EXERCISE DIRECTIONS -
An exact copy is needed of the lines in the entries below from the line with "Black compass rose" up to and including the line with "Miniature de la", and of nothing else. Leave the pictures out.

SUPPLIED ENTRIES -
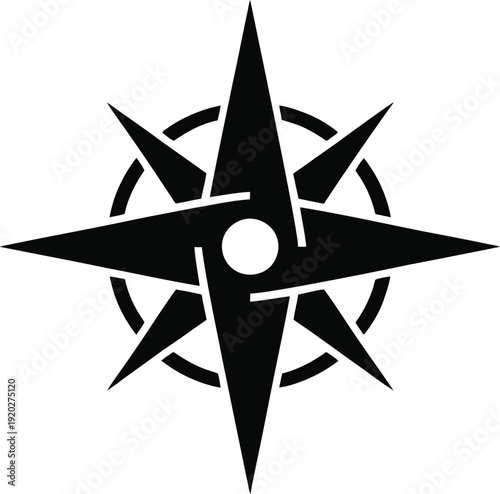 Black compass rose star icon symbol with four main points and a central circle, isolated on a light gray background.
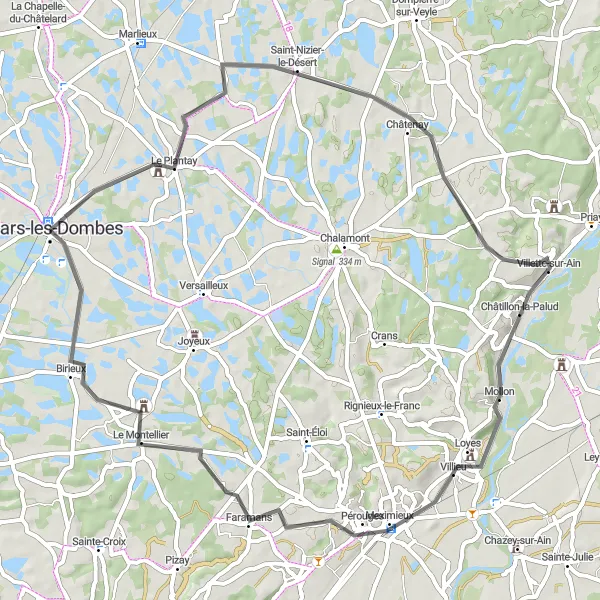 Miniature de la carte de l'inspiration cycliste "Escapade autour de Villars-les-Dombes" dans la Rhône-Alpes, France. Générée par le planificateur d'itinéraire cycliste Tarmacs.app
* * *
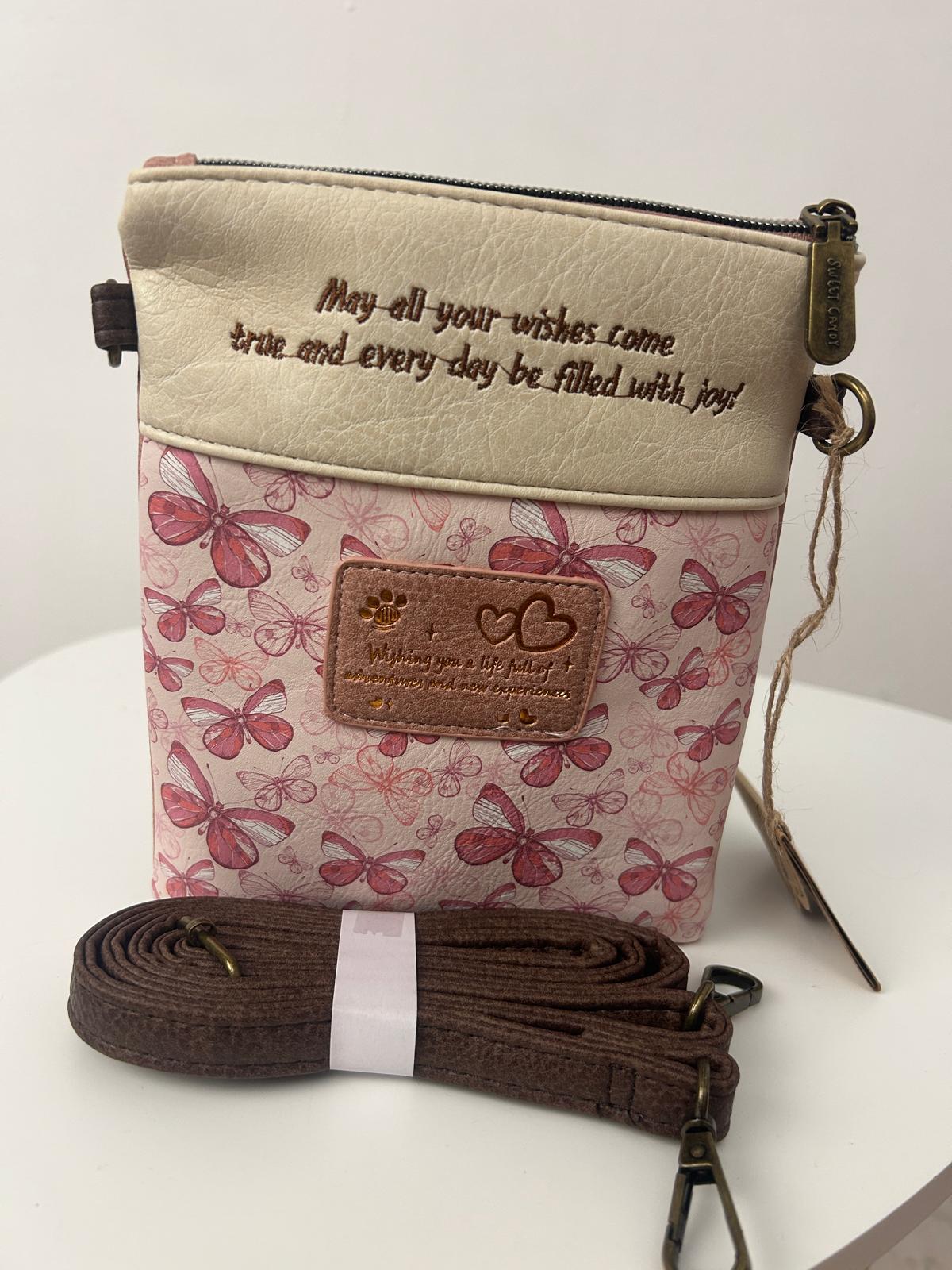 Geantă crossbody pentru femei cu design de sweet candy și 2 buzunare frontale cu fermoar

TASK RESULT -
 Black compass rose star icon symbol with four main points and a central circle, isolated on a light gray background.
 Miniature de la carte de l'inspiration cycliste "Escapade autour de Villars-les-Dombes" dans la Rhône-Alpes, France. Générée par le planificateur d'itinéraire cycliste Tarmacs.app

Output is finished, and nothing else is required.